2006年6月27日、帯広から日高方面に日帰り旅行に行った。

今回の目的は、平取町二風谷にあるアイヌ民族の博物館に行くことだ。二風谷にはアイヌ文化博物館をはじめ、アイヌ語の第一人者でアイヌ民族で初めて国会議員になった萱野茂さんの資料館、アイヌ民族の文化に深く関わってきた沙流川歴史館、スコットランドの医師で、アイヌの研究に尽力したマンロー博士の記念館などがある。

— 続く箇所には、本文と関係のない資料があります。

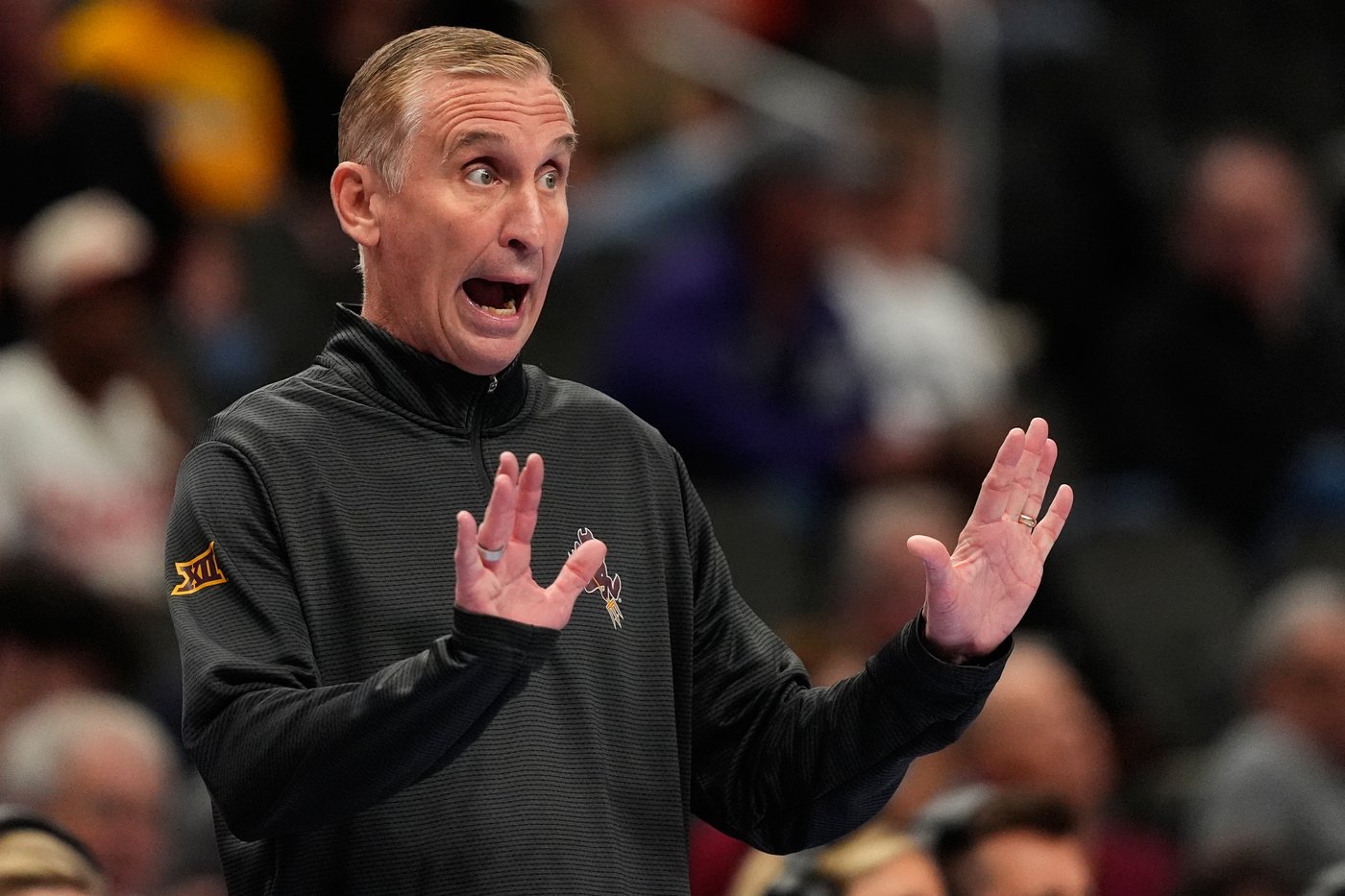 No. 12 seed Arizona State fends off Baylor’s late surge for an 83-79 Big 12 Tournament win | iNFOnews.ca No. 12 seed Arizona State fends off Baylor’s late surge for an 83-79 Big 12 Tournament win | iNFOnews.ca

帯広の実家から国道38号線を抜け、日勝峠を抜ける。天気はあいにくの雨で、底冷えのする小雨が降り続く。峠に近くなると、雨は霧に変わり、数メートル先が見えない。
 私の知っている日勝峠は、道が狭く下手をすると崖から落ちそうな道だったが、さすがに20数年前から比べると道はずっとよくなっており、霧でもゆっくり走れば怖いことはない。
日勝峠を抜けるとにわかに晴れてきて、山の緑がまぶしい。途中ドライブインに寄り、ソフトクリームを買うのは旅のお約束。同行した母は夕張メロン味、私はミルク味を食べた。濃厚で大変美味しい。

道に沿って沙流川の清冽な流れがあり、中流のダムまでは高原の景色が美しい。
山を下るにつれまた天気が悪くなってきた。
 信号がほとんどなく、途中日高町の商店街に入るまではほとんどノンストップで入ることができる。スピードがだせないだけで、高速道路など無意味だとしみじみ思う。

国道237号線に入り、沙流川に沿って南下していくと、アイヌの工芸品などを販売するお店がちらほら目につくようになる。帯広の自宅から2時間ちょっとで、平取町二風谷に到着した。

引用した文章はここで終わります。